Your instructions → If an entry holds a picture, leave the picture out and copy the rest exactly.

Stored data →
________________________________________
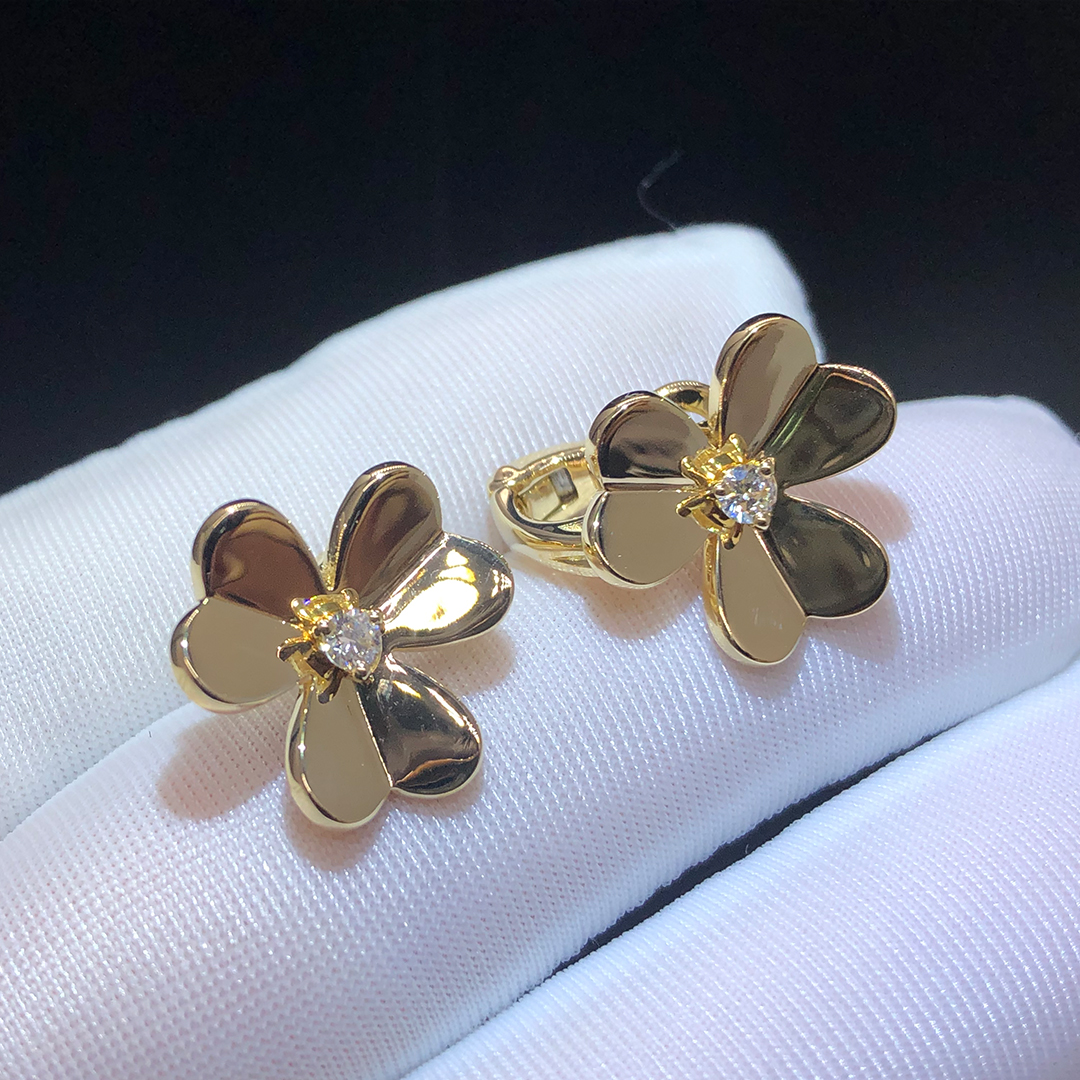 Van Cleef & Arpels Frivole Diamond Small Model Earrings 18k Yellow Gold VCARB65700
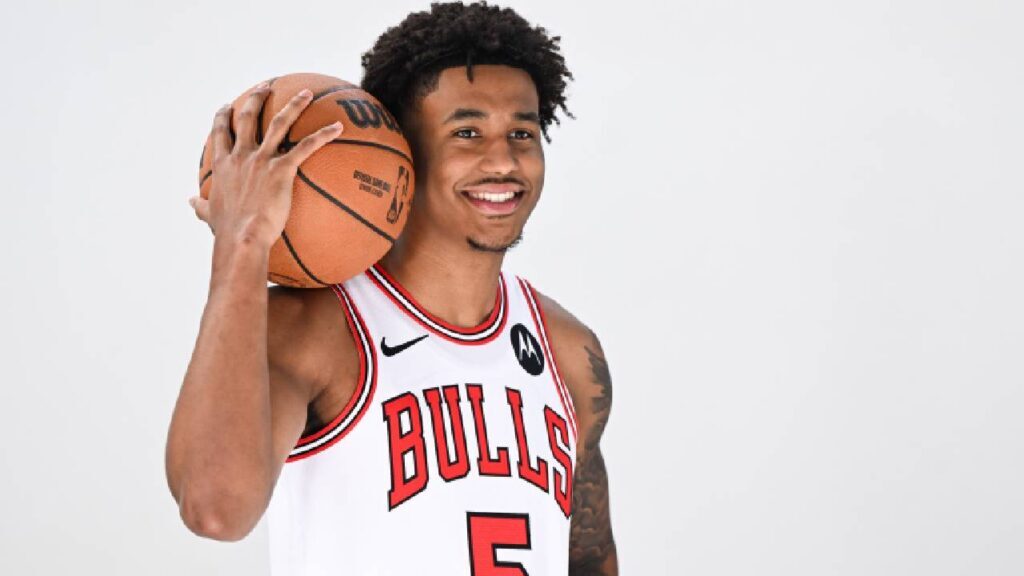 Chicago Bulls Training Camp rookie Dailyn Swain poses during 2026 Media Day in Chicago.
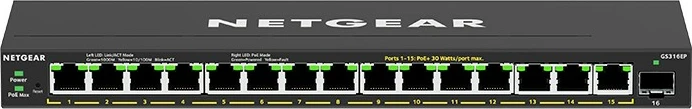 Switch NETGEAR GS316EP-100PES, Managed, Gigabit Ethernet, PoE, i zi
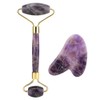 Natural Amethyst Double Head Jade Stone Roller & Guasha Scrapping
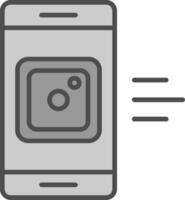 Handy, Mobiltelefon App Linie gefüllt Graustufen Symbol Design vektor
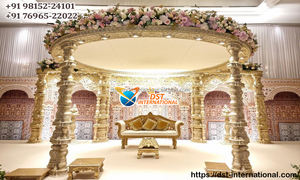 Traditionnel indien intérieur en bois Mandap indien mariage jardin en bois Mandap extérieur Triple pilier en bois mariage Mandap UK vente - Product Image 6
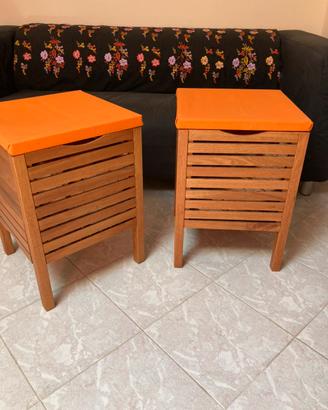 Pouf contenitori legno stoffa arancione 37x37x54h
________________________________________
Written answer →
 Van Cleef & Arpels Frivole Diamond Small Model Earrings 18k Yellow Gold VCARB65700
 Chicago Bulls Training Camp rookie Dailyn Swain poses during 2026 Media Day in Chicago.
 Switch NETGEAR GS316EP-100PES, Managed, Gigabit Ethernet, PoE, i zi
 Natural Amethyst Double Head Jade Stone Roller & Guasha Scrapping
 Handy, Mobiltelefon App Linie gefüllt Graustufen Symbol Design vektor
 Traditionnel indien intérieur en bois Mandap indien mariage jardin en bois Mandap extérieur Triple pilier en bois mariage Mandap UK vente - Product Image 6
 Pouf contenitori legno stoffa arancione 37x37x54h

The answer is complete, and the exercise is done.